Ellerindeki yapma erkeklik organlarını... yaktılar...
Gösteri boyunca kadınlar Vietnam Savaşı’nın temel nedeninin cinsiyetçilik (sexism) olduğu yolunda müstehcen sloganlar attılar.” (4)
“Norveçli feministler erkeklere tuzak kuruyorlar.
(...)
Norveç’in başkenti Oslo’da, ülkenin önde gelen gazetelerinden ‘Dag Bladet’in küçük ilanlar bölümünde feministlerce ‘Güzel ve zarif bir genç kadın refakatçi arıyor’ yollu bir ilân verildi. İlânı verenler yığınla talep mektubu aldılar
(...)
’Güzel ve genç kadınla’ ‘refakat’ etmek için başvuran ‘yardımsever’ erkeklerden yedisinin isimleri Oslo metrosunda her tarafa asıldı. Ama daha önce ‘güzel genç kadın’ bu kişilere telefon etmiş, onlarla uzun uzun konuşmalar yapmıştı. Feministler bu konuşmaları da kendi kurdukları ‘Radyo Oracle’ istasyonundan yayınladılar.” (5)

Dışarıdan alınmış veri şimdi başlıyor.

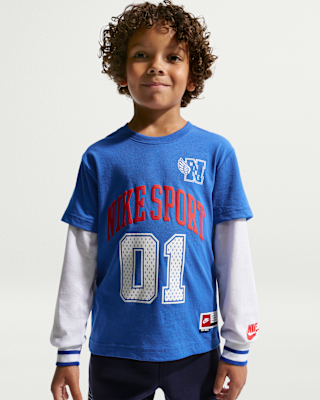NIKE - nakano1122出品 NIKE公式】Nike リトルキッズ マルチスポーツ ツーファー ロング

Eylemlerindeki şiddet dozunu zaman zaman tırmandıranlarına karşın (örneğin feminist lider Valerie Solanas’ın pop-art sanatçısı Andy Warholl’un yüzüne kezzap atışı, ya da geçtiğimiz yıl ABD’deki iki feministin bir Türk gencini öldürüp diğerini yaralayışları) KÖH, egemen çevrelerce hiçbir zaman sistemin özüne yönelik ciddî bir tehdit olarak görülmedi...
Hatta FBI’ca bir süre izlendikten sonra “aklandı”;
“Kadınların Özgürlüğü Hareketi’nin, Yeni Sol ve diğer şüpheli akımlarla hiçbir ilişkisi saptanamamıştır...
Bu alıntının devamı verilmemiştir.